You are viewing a plain text version of this content. The canonical link for it is here.
Posted to user@spark.apache.org by Something Something <ma...@gmail.com> on 2020/03/04 02:02:30 UTC
Stateful Spark Streaming: Required attribute 'value' not found
In a Stateful Spark Streaming application I am writing the 'OutputRow' in
the 'updateAcrossEvents' but I keep getting this error (*Required attribute
'value' not found*) while it's trying to write to Kafka. I know from the
documentation that 'value' attribute needs to be set but how do I do that
in the 'Stateful Structured Streaming'? Where & how do I add this 'value'
attribute in the following code? *Note: I am using Spark 2.3.1*
withEventTime
.as[R00tJsonObject]
.withWatermark("event_time", "5 minutes")
.groupByKey(row => (row.value.Id, row.value.time.toString, row.value.cId))
.mapGroupsWithState(GroupStateTimeout.EventTimeTimeout)(updateAcrossEvents)
.writeStream
.format("kafka")
.option("kafka.bootstrap.servers", "localhost:9092")
.option("topic", "myTopic")
.option("checkpointLocation", "/Users/username/checkpointLocation")
.outputMode("update")
.start()
.awaitTermination()
Re: Stateful Spark Streaming: Required attribute 'value' not found
Posted by Something Something <ma...@gmail.com>.
By simply adding 'toJSON' before 'writeStream' the problem was fixed. Maybe
it will help someone.
On Tue, Mar 3, 2020 at 6:02 PM Something Something <ma...@gmail.com>
wrote:
> In a Stateful Spark Streaming application I am writing the 'OutputRow' in
> the 'updateAcrossEvents' but I keep getting this error (*Required
> attribute 'value' not found*) while it's trying to write to Kafka. I know
> from the documentation that 'value' attribute needs to be set but how do I
> do that in the 'Stateful Structured Streaming'? Where & how do I add this
> 'value' attribute in the following code? *Note: I am using Spark 2.3.1*
>
> withEventTime
> .as[R00tJsonObject]
> .withWatermark("event_time", "5 minutes")

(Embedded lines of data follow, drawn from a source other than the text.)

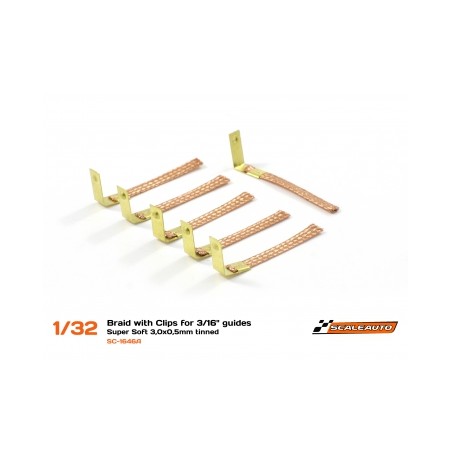SCALEAUTO SC-1646A TRENCILLAS CON CLIP LARGO SUPER-SOFT 3x0.5mm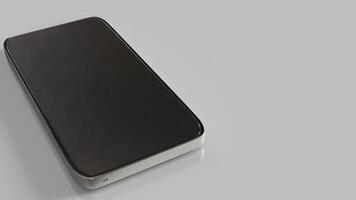 The smart phone on white background for technology concept 3d rendering. photo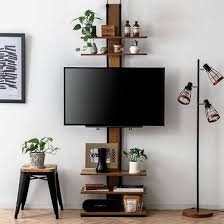 壁寄せ風テレビスタンド 省スペース家具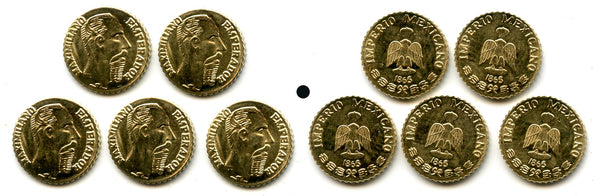 Fantasy gold peso of Emperor Maximilian of Mexico (1864-1867)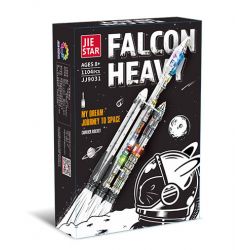 JIESTAR JJ9031 9031 PHƯƠNG TIỆN PHÓNG FALCON HEAVY bộ đồ chơi xếp lắp ráp ghép mô hình City CARRIER ROCKET FALCON HEAVT Thành Phố 1104 khối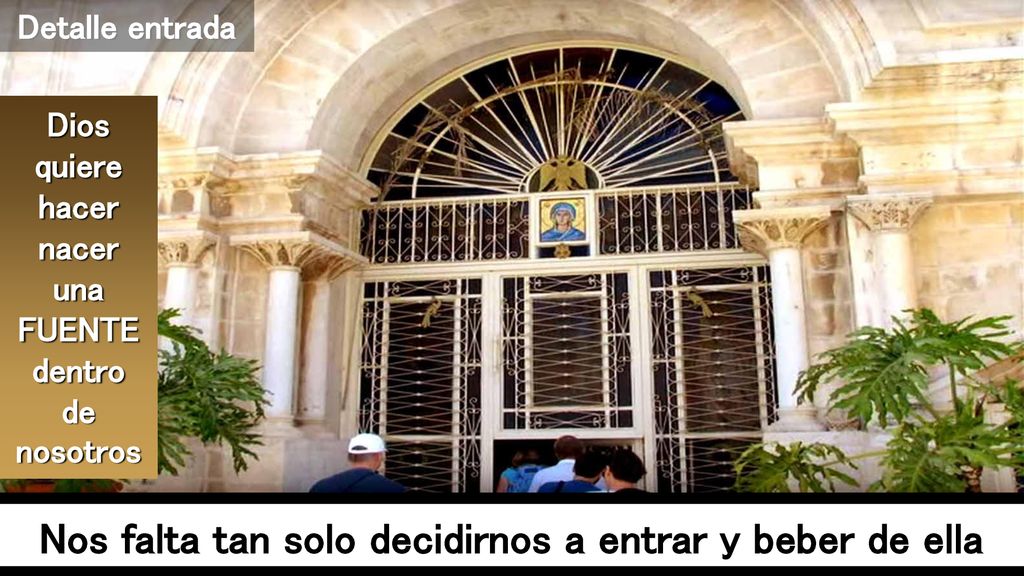 Nos falta tan solo decidirnos a entrar y beber de ella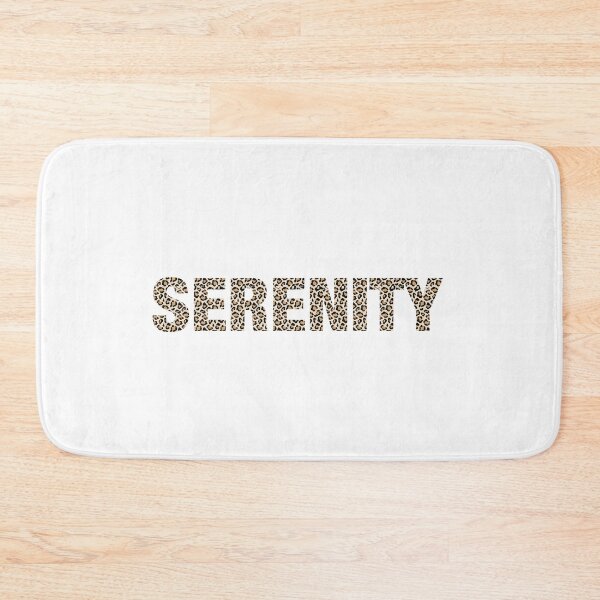 Item preview, Serenity name leopard pattern my name is Serenity gift birthday holiday anniversary Essential Inspiration Joy Mood Funny designed and sold by DesignByHeartUK.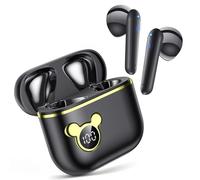Auriculares inalámbricos deportivos Bluetooth 2024, auriculares estéreo con micrófono ENC, auriculares intraurales inalámbricos con pantalla LED dual, tiempo de reproducción de 48 horas, auriculares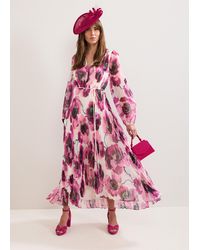 Phase Eight - Natalia Floral Maxi Dress - Lyst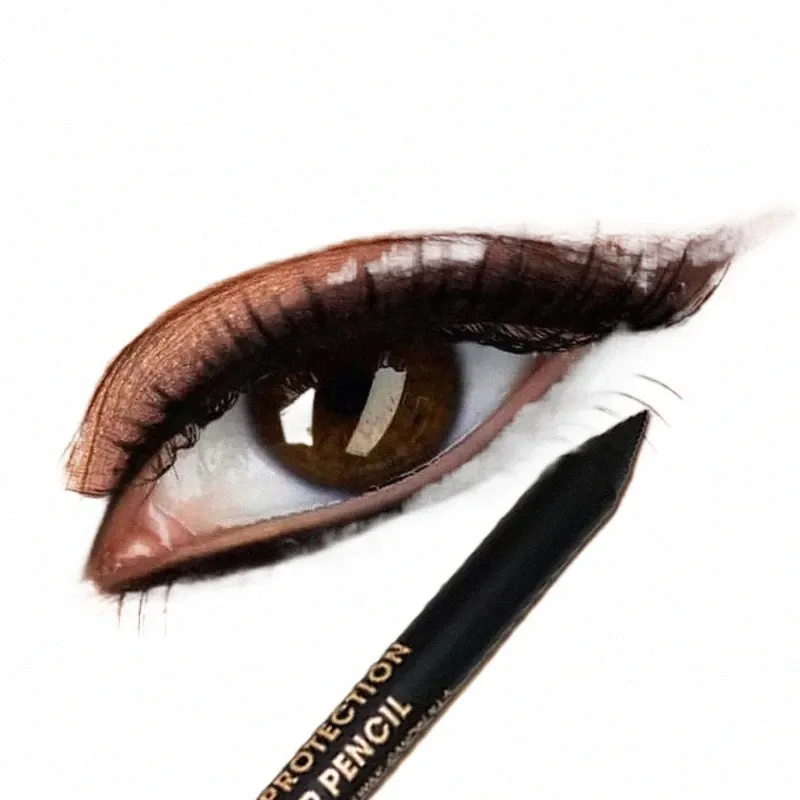 Fard à paupières mat Eyeliner Pen imperméable durable Shimmer noir blanc brun couché ver à soie ombre à paupières crayon à lèvres maquillage cosmétique r45w #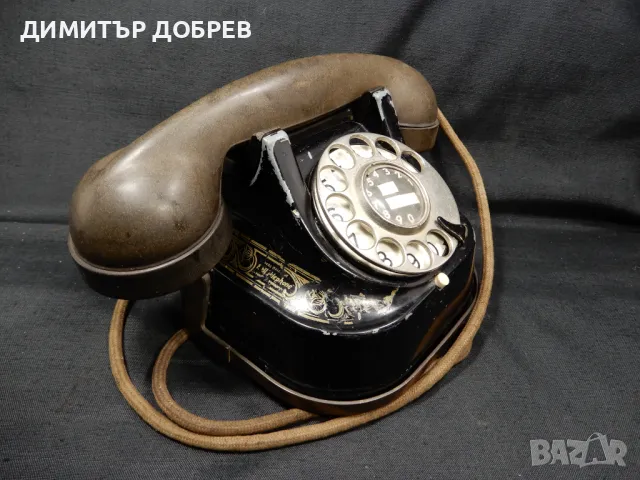 СТАР РЕТРО МЕТАЛЕН ТЕЛЕФОН С ШАЙБА ОФИС ДЕКОРАЦИЯ, снимка 3 - Антикварни и старинни предмети - 49985482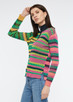 Multi Stripe Zip Up Jumper ZP6141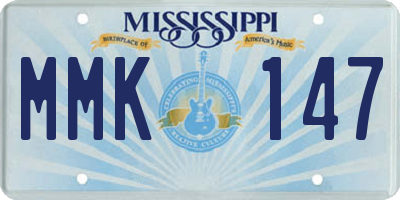 MS license plate MMK147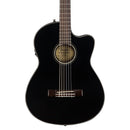 Fender CN-140SCE Nylon Thinline - Walnut Fingerboard, Black w/case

> .groupByKey(row => (row.value.Id, row.value.time.toString, row.value.cId))
> .mapGroupsWithState(GroupStateTimeout.EventTimeTimeout)(updateAcrossEvents)
> .writeStream
> .format("kafka")
> .option("kafka.bootstrap.servers", "localhost:9092")
> .option("topic", "myTopic")
> .option("checkpointLocation", "/Users/username/checkpointLocation")
> .outputMode("update")
> .start()
> .awaitTermination()
>
>